LP時代にはアルバム・ジャケットを集めたビジュアル・ブックが結構人気を博していました。当時のジャケットはまさにアートでしたから、見ているだけで楽しかったです。CDになってとんと見かけなくなっていましたが、配信になって息の根を止められました。

 フループは1970年代初めに活躍したプログレッシブ・ロック・バンドです。彼らのアルバムはそうしたビジュアル・ブックの常連でした。あまりメジャーではないバンドのプログレ然としたジャケット群はジャケット集の中にとても収まりがよかったです。

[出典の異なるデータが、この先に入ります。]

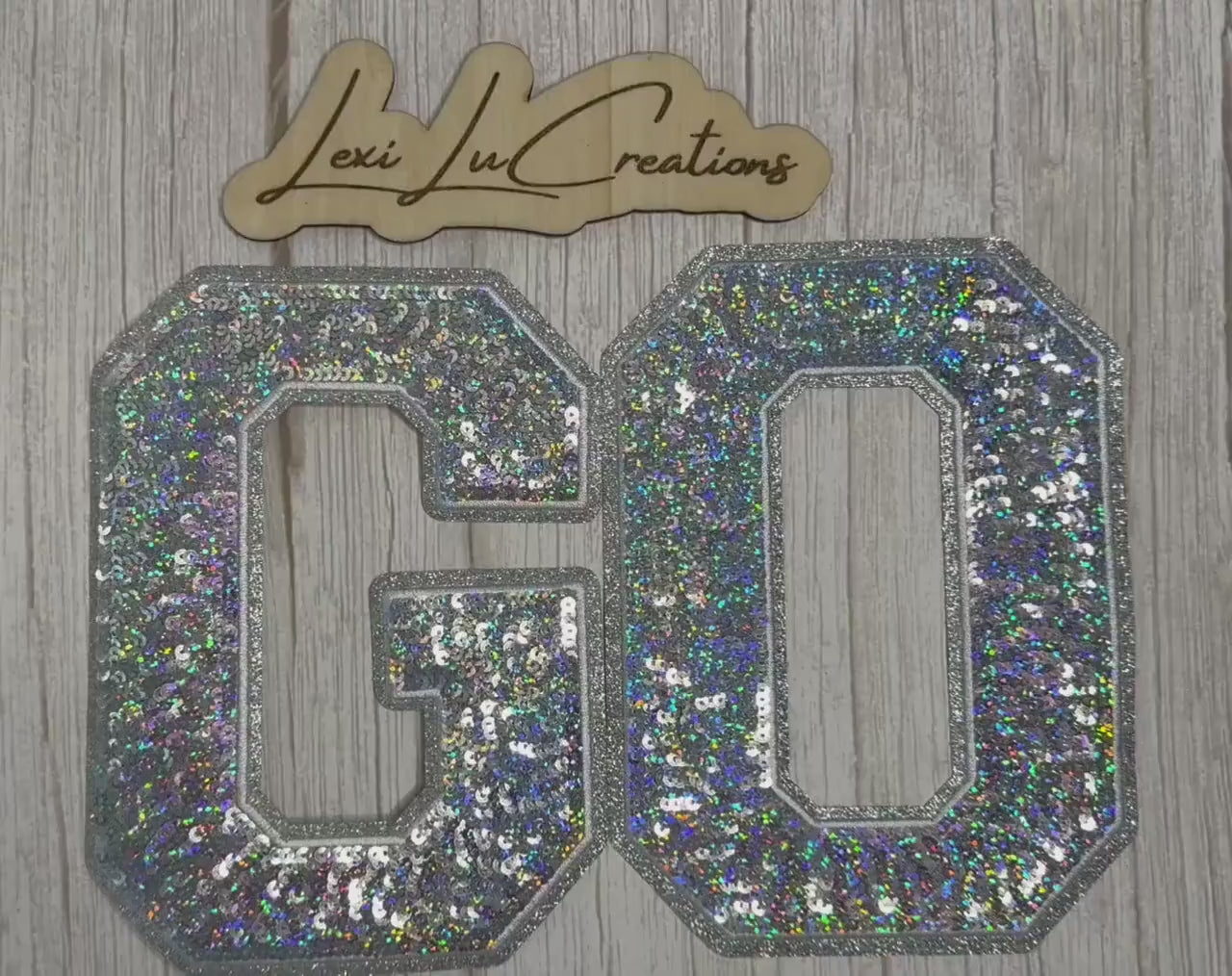 GO Sequin Patch | Silver Holographic Game Day Iron On Patch | School Spirit Patch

 北アイルランドの首都ベルファストで活動を始めたフループはギターのヴィンセント・マッカスカーを中心に、ドラムのマーティン・フォイル、オーボエとキーボードのスティーヴン・ヒューストン、フルートとベースのピーター・ファレリーの四人組です。

 ボーカルはマーティン以外の三人が担当し、リードはピーターです。オーボエやフルートが登場するところなどいかにも1970年代初頭のプログレッシブ・ロックです。アートワークをピーターが担当しているところもプログレ然としています。

 1971年6月にベルファストにてロリー・ギャラガーのサポートとして 最初のギグを行って以降、彼らは英国・アイルランドを駆け巡り、年によっては年間230日もライブを行うようになりました。ライブ・サーキットで鍛えられたバンドです。

 この頃、彼らがサポートしたバンドにはクイーン、スーパートランプ、ELO、フォーカス、コックニー・レベル、ジェネシスなどそうそうたる名前が並んでいます。注意すべきはこの時点では彼らはスーパースターではなく、同じライブ・ハウス・サーキットの仲間だったということです。

 1973年3月にデモを作成したフループは見事にパイ・レコード傘下のプログレ・レーベルのドーンと契約を結ぶことに成功します。そうして8月にはライブ活動を中断してアルバムの制作にとりかかりました。その成果が本作「知られざる伝説」です。

 アルバムはいきなりストリングスのみによるタイトル曲から始まります。この辺りはいかにも当時のプログレです。そして二曲目は当時の代表作「ディシジョン」です。ここからフループの本領発揮となります。巧みなコーラスワークと複雑に絡み合う楽器、素晴らしい曲です。

 さすがは年間を通したライブ活動で鍛えたバンドらしく、ファースト・アルバムにはそれまでに練り上げた曲がたくさんありすぎて、何曲かは収録できなかった模様です。フループにとっては満を持して放つ会心の作品ということなのでしょう。

 メンバーそれぞれの見せ場もふんだんに盛り込まれ、いかにも1970年代前半のプログレらしいサウンドがこれでもかこれでもかと展開していきます。クラシック的な要素もありますが、やはりそこはライブ・バンドでもあり、客を飽きさせない派手な演奏がいいです。

 残念ながら商業的にはさほど成功したとは言えませんけれども、仲間たちが次々とブレイクしていく中で次は俺たちだという熱気を感じるアルバムは捨てがたい魅力があります。サウンドはまるで異なりますが、それは登場したころのパンクと何ら変わることはないでしょう。